On Tuesday afternoon in Mississippi, Willie Jerome Manning was granted a last-minute stay of execution by the Supreme Court of Mississippi, just hours before his lethal injection was scheduled to go through.
Manning, an African-American man, was convicted of murdering Jon Steckler and Tiffany Miller, two white college students, in 1992. The case can be read as a manual for anti-death penalty advocates: racial bias in the original trial, false testimony from snitches, and even faulty science.
The stay comes after prosecutors and state courts refused Manning’s request for new DNA testing that could possibly prove his innocence, which he has maintained from the beginning. Since his trial, the FBI has come forward and admitted that the original analysis it performed on the evidence, such as testing hair samples found at the scene, contained numerous errors and it “exceeded the limits of the science and was, therefore, invalid.” What’s more, the FBI has offered to perform the new DNA testing itself. The FBI and the Department of Justice have also reviewed the ballistic evidence in the case and found that to be invalid as well.

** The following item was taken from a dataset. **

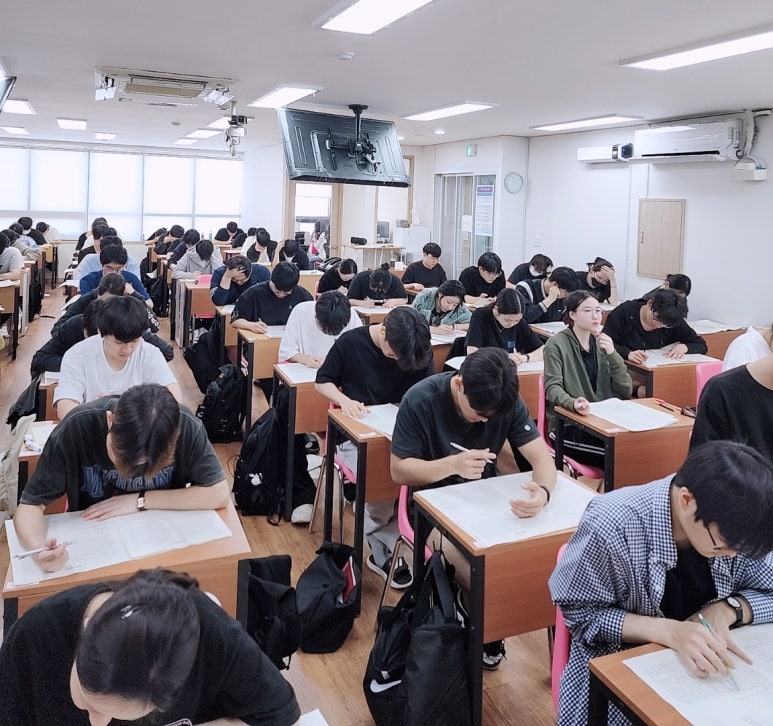학고재독서실 이미지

Not only is there now no physical evidence linking Manning to the case, the credibility of two key witnesses that were used by the prosecution have also come into question. One of those was a jailhouse witness who claimed that Manning had confessed the murders to him, but the witness later admitted that he lied. Both of the witnesses received deals for their own criminal charges in exchange for testifying against Manning, a tactic that has been found to be the leading cause of wrongful convictions in capital cases, according to the Innocence Project.

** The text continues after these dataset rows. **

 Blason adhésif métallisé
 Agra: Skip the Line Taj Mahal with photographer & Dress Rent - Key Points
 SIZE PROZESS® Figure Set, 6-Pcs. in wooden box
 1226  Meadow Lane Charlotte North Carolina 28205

Outside of the faulty evidence presented against him, Manning faced a jury with no African-American jurors in a case already rife with racial tensions. What’s more, studies of capital cases have found that the race of the victim plays a huge role in whether or not the defendant will receive a death sentence. According to The Death Penalty Information Center, “In 82% of the studies [reviewed], race of the victim was found to influence the likelihood of being charged with capital murder or receiving the death penalty, i.e., those who murdered whites were found more likely to be sentenced to death than those who murdered blacks.” Of the cases reviewed, over 77% of the murder victims in cases that resulted in execution were white, despite the fact that only about 50% of murder victims are white.
Even in the face of the clear issues with Manning’s trial, the Mississippi state Supreme Court has thus far refused to grant a new DNA test. Last Friday, Mississippi Attorney General Jim Hood, one of the men who could step in to stop Manning’s execution, said that Manning’s guilt is “overwhelming,” and that Manning “is a violent person who committed these heinous murders.” He continued, saying that the defense has waited “until the 11th hour” to request new DNA testing.
“Any time there is legitimate, exculpatory evidence, capable of DNA testing, the state is prepared to conduct testing. However when the defense waits until the 11th hour to raise such claims, which could not possibly exonerate their client, courts are loathe to be subjected to these types of dilatory defense tactics.”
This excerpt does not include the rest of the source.